Auto-Remediation for Real: Self-Healing Clouds and Auto-Remediation as a Service

Oct 27, 2016
by Dana Christensen

What do companies like eBay, VMware, Facebook, Netflix, Mirantis, Verizon, Infosys, Cisco, Dell, LinkedIn, and Apple have in common?

They all attended the Auto-Remediation and Event-Driven Automation MeetUp on Oct. 20th hosted by the StackStorm team at Brocade in San Jose.

The topic for the evening was “Remediation For Real” and both Mirantis and Netflix provided excellent overviews and demonstrations of how auto-remediation is helping to address business issues and increase their engineers’ productivity (and sleeptime!).

The Power of Community

The power of Community and MeetUps is to inspire and help each other up our game – and the presentations and conversation before and after the presentations delivered.  We saw real-life examples of auto-remediation use cases (and code), shared best practices and key learnings. The presenters all offered excellent suggestions for how to define and implement auto-remediation solutions, including how they decided on the underlying technology for their solutions. StackStorm is the underlying engine for both the Mirantis and Netflix solutions,  and it was helpful to hear why they chose StackStorm rather than attempting to build their own solution.

Mirantis and Self-Healing Clouds

Mirantis kicked off the evening with a preview of their OpenStack Summit presentation, “Auto-Remediation: Making OpenStack Clouds Self Healing”. Their presentation focused on how auto-remediation is being used to streamline operations of the Mirantis managed Symantec cloud–an OpenStack + AWS hybrid environment.
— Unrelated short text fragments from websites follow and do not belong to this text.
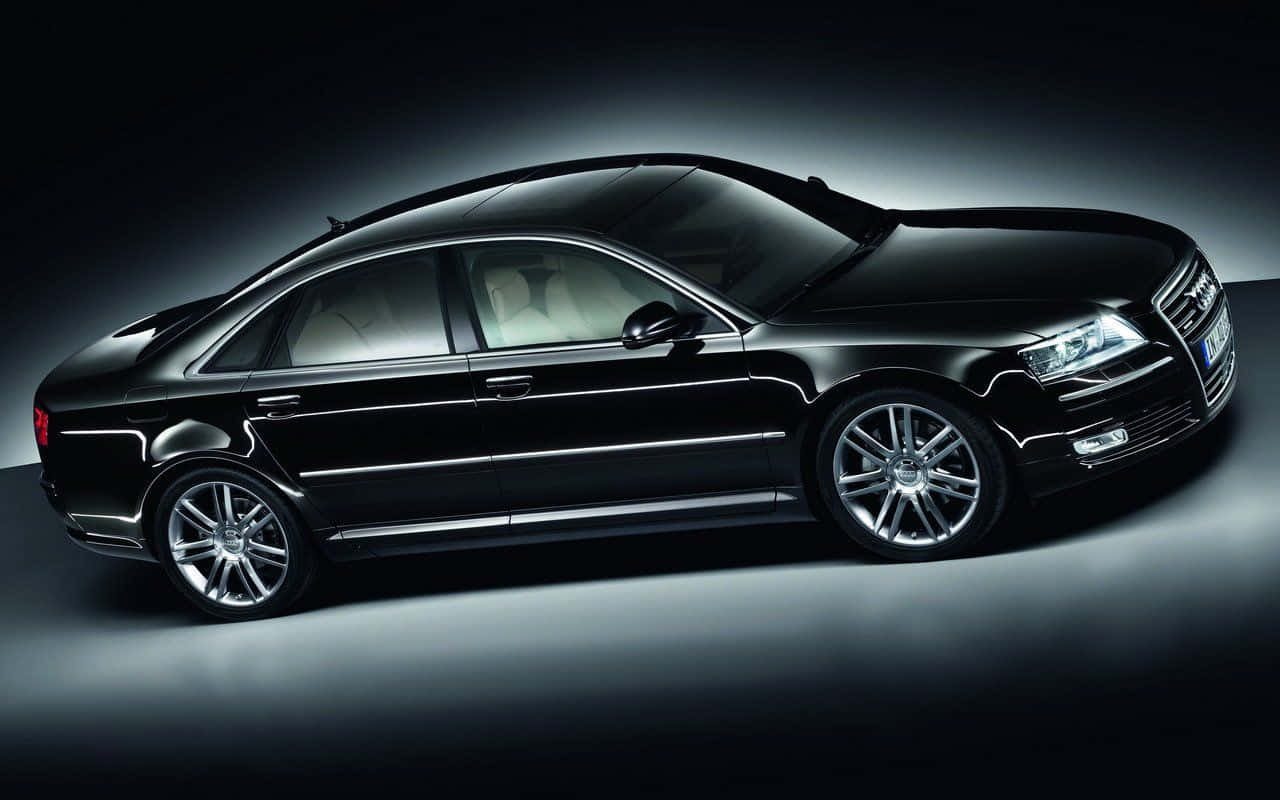 Audi S8 桌布 壁紙 — 一輛時尚的黑色奧迪轎車在戲劇性的工作室燈光下閃耀，配備銀色輪圈和光澤飾面。
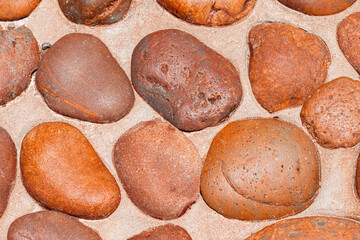 Top view. The surface of the convex round stone is brown. For floor and background.
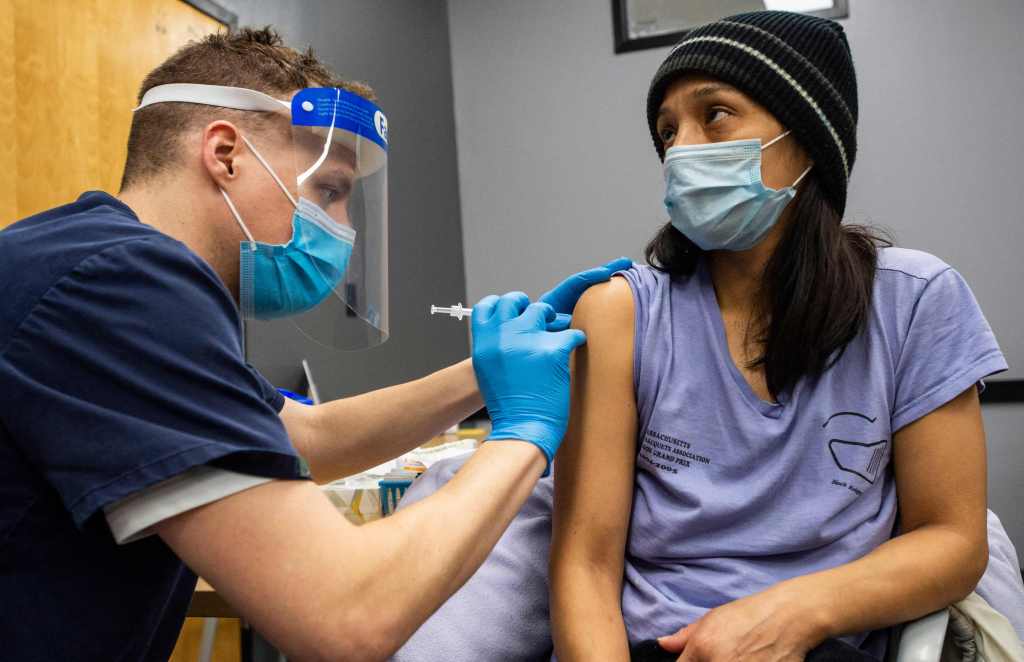 Una mujer es vacunada con la vacuna Pfizer-BioNTech Covid-19 por el doctor Galen Harnden en La Colaborativa en Chelsea, Massachusetts.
The OpenStack environment consists of four regions, 100’s of racks, with thousands of compute nodes. The AWS environment is rapidly growing, with tens of thousands of cores. The monitoring, metering, and alerting ecosystem includes multiple solutions – most notably Zabbix, Nagios, Prometheus, PagerDuty and Volta. There are three Mirantis engineers assigned to run this relatively large cloud. The team realized that the time they spend working on outages was hindering their productivity in other areas – so they decided to investigate using auto-remediation as a way to streamline and automate their day to day operations.
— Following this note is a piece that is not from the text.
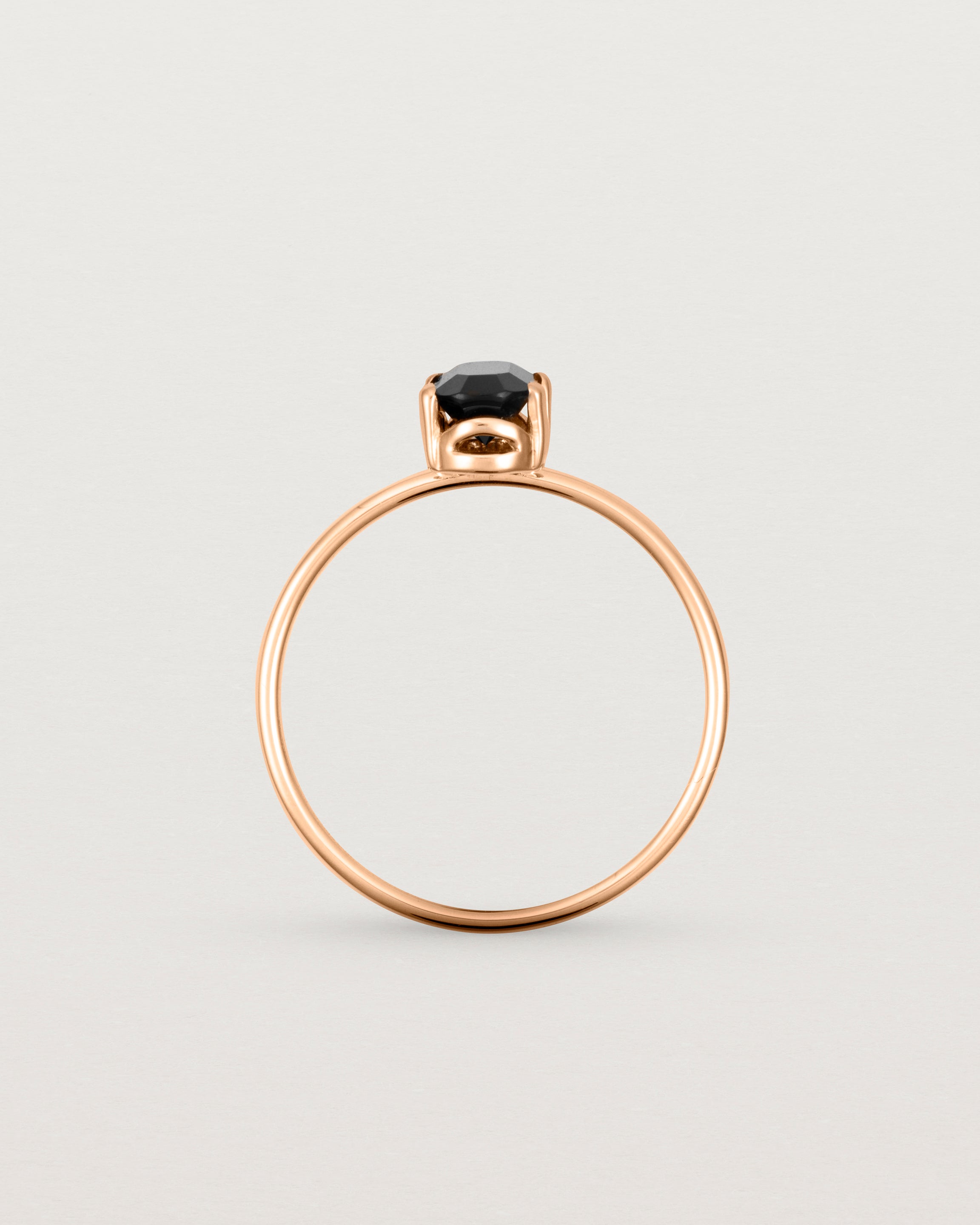 Fine rose gold band featuring an oval black spinel stone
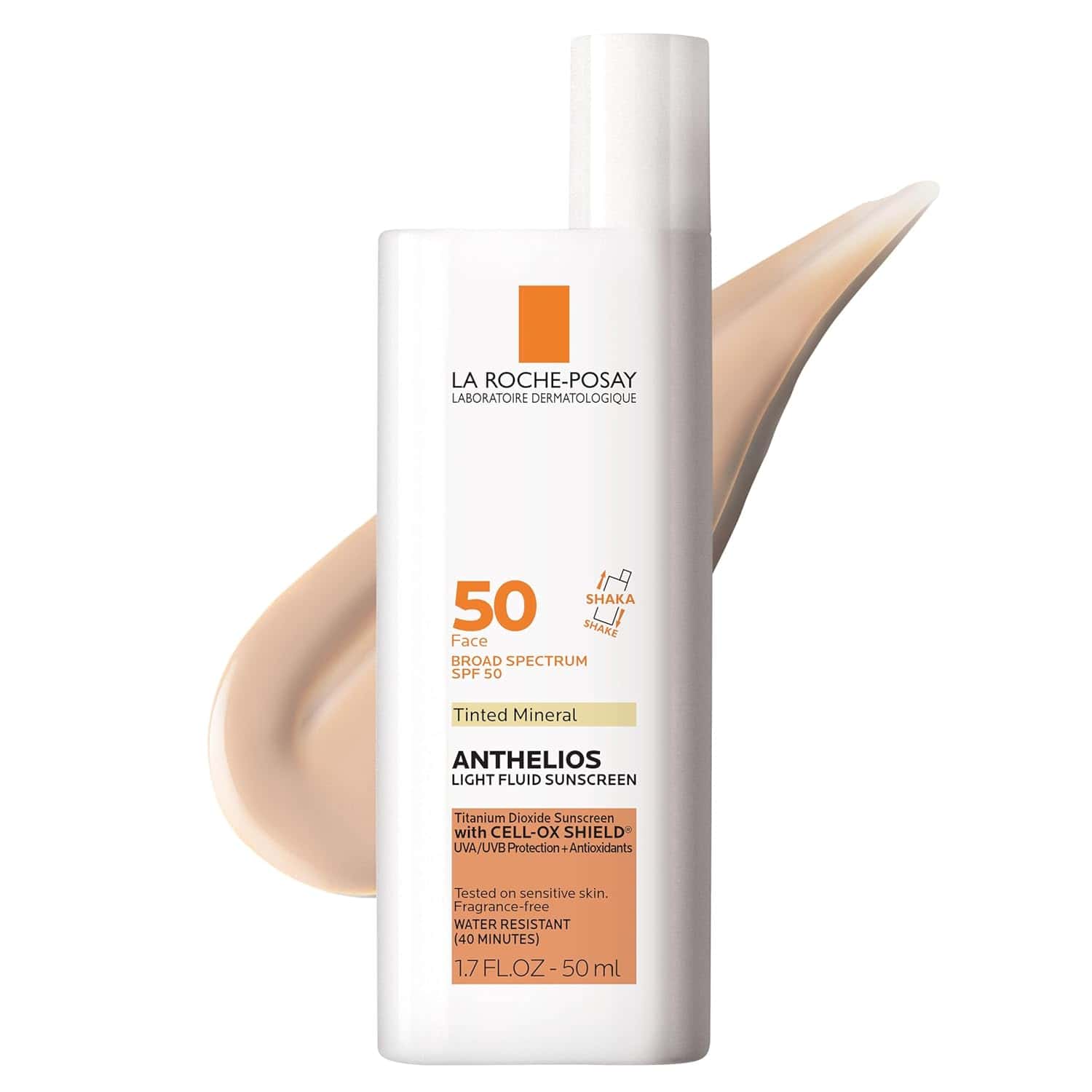 A bottle of La Roche-Posay Anthelios Tinted Mineral Light Fluid Sunscreen SPF 50 is shown against a white background with a swipe of sunscreen.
Watch the presentation to get an excellent overview of the Symantec cloud environment, how the team set about looking at operational patterns that they should automate in their day to day operations; examples of basic and advanced use cases for automating their OpenStack cloud, and key learnings from their deployment:

Auto-Remediation at Netflix

Netflix was next up to share key learnings about their auto-remediation platform Winston. As a bit of background, Netflix engineers operate under a full ownership model. Engineers are responsible for architecting and coding the customer experience AND they own deployment and all operational aspects of their service. From a business perspective–engineers have to deal with the conflict between new feature development work that needs to be done to move a service forward vs. the work that needs to be done to keep an existing service healthy. Enabling scale to match the growth of the Netflix business, and focus on SLAs are also key business goals.
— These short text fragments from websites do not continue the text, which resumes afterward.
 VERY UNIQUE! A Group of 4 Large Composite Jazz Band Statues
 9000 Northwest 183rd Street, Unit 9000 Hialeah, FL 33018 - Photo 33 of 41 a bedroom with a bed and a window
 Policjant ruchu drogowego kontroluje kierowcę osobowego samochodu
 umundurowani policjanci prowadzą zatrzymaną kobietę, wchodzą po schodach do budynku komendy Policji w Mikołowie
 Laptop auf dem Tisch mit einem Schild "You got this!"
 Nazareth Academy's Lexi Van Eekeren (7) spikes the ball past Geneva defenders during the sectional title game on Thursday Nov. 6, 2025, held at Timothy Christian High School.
Netflix is investing in the development of tools and services for their engineers to increase job satisfaction (eliminating the need to do a lot of mundane, repetitive tasks) and productivity. The presentation provided a great overview of the one-stop portal that they developed for Winston; how they incorporated best practices for things like compliance/auditing, reporting, and security (authority and authentication); and the UI that Netflix developed to provide auto-remediation as a service for their engineers.

The Netflix team shared use cases and helpful observations about rolling out an auto-remediation service. One of the interesting points is that the main barrier to rolling out this solution is not technical–it is cultural. Watch the video to hear suggestions for overcoming cultural barriers you might encounter when rolling out an auto-remediation project:

Benefits of Auto-Remediation

Key benefits that both Mirantis and Netflix touched on include:

  • Freeing engineers/developers from tier 1 support activities so they can focus on business issues
  • Enabling scale
  • Delivering on SLAs
  • Reduced MTTR
  • Reduced risk of human errors
  • Reduced pager fatigue

It was great to see familiar faces and to make new friends at the MeetUp. As the popularity of StackStorm continues to expand worldwide, we are seeing MeetUps happening in Japan, Australia, London, Los Angeles, and Amsterdam.  We will be sharing key learnings from these MeetUps in the StackStorm community.  To date DevOps has focused on deployment–but with the StackStorm community and the Auto-Remediation Meetup we are taking the conversation beyond deployment–to event-driven automation.

We look forward to continuing the conversation.  See you at the next Auto-Remediation and Event-Driven Automation Meetup!